# The Unapologetic Mathematician

## Sudocube

DO WANT

Tipped off to its existence by Alexandre Borovik.

September 24, 2008 Posted by | Rubik\'s Cube | 1 Comment

## A Puzzlement

Randall’s got an analogy for Rubik’s cube. Like the cube, there’s a trick to it. Unlike the cube, it doesn’t really illustrate any interesting mathematics. Also unlike the cube, I’m not about to go telling everyone what the trick is out in public.

I mean, sure, it’s not like I’m using it or anything, but it’s the principle of the thing.

August 1, 2008 Posted by | Rubik\'s Cube | 2 Comments

## Rubik’s 7x7x7 Cube

From Alexandre Borovik I find this video of someone solving the “order seven” Rubik’s Cube.

I’m not about to sit down and work up a solution like we did before, but it shouldn’t be impossible to repeat the same sort of analysis. I will point out, however, that the solver in this video is making heavy use of both of our solution techniques: commutators and a tower of nested subgroups.

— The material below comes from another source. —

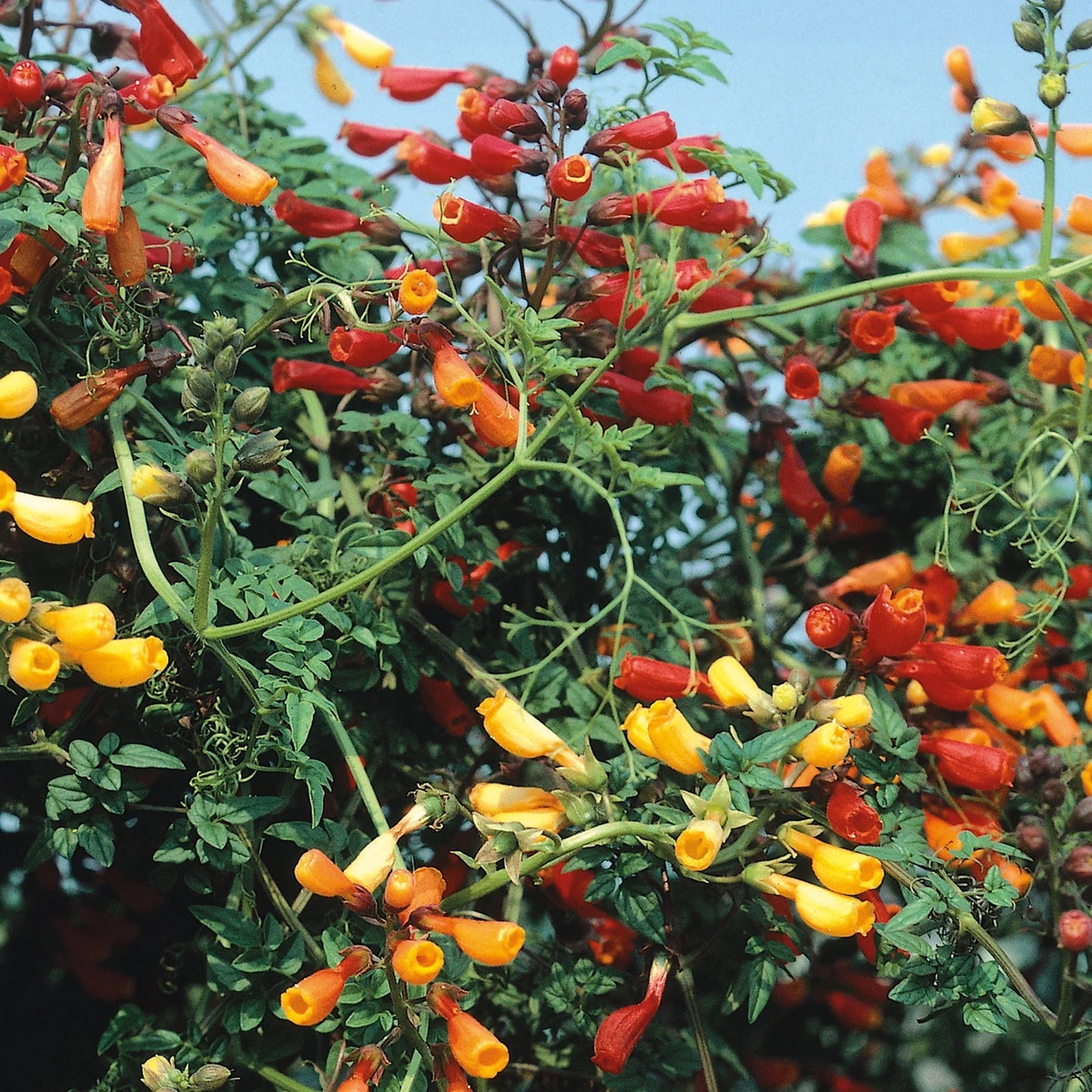 Eccremocarpus Fireworks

The nested subgroups are obvious. As the solution progresses, more and more structure becomes apparent, and is preserved as the solution continues. In particular, the solver builds up the centers of faces and then slips to the subgroup of maneuvers which leaves such “big centers” fixed in place. Near the end, almost all of the moves are twists of the outer faces, because these are assured not to affect anything but the edge and corner cubies.

The commutators take a quicker eye to spot, but they’re in there. Watch how many times he’ll do a couple twists, a short maneuver, and then undo those couple twists. Just as we used such commutators, these provide easy generalizations of basic cycles, and they form the heart of this solver’s algorithm.

Alexandre asked a question about the asymptotic growth of the “worst assembly time” for the $n\times n\times n$ cube. What this is really asking is for the “diameter” of the $n$th Rubik’s group $G_n$. I don’t know offhand what this would be, but here’s a way to get at a rough estimate.

First, find a similar expression for the structure of $G_n$ as we found before for $G_3$. Then what basic twists do we have? For $n=3$ we had all six faces, which could be turned either way, and we let the center slices be fixed. In general we’ll have $\lfloor\frac{n}{2}\rfloor$ slices in each of six directions, each of which can be turned either way, for a total of $12\lfloor\frac{n}{2}\rfloor$ generators (and their inverses). But each generator should (usually) be followed by a different one, and definitely not by its own inverse. Thus we can estimate the number of words of length $l$ as $\left(12\lfloor\frac{n}{2}\rfloor-2\right)^l$. Then the structure of $G_n$ gives us a total size of the group, and the diameter should be about $\log_{\left(12\lfloor\frac{n}{2}\rfloor-2\right)}(|G_n|)$. Notice that for $n=3$ this gives us $20$, which isn’t far off from the known upper bound of $26$ quarter-turns.

February 19, 2008

## Rubik’s Cube Wrapup

I want to tie up a few loose ends about Rubik’s group today.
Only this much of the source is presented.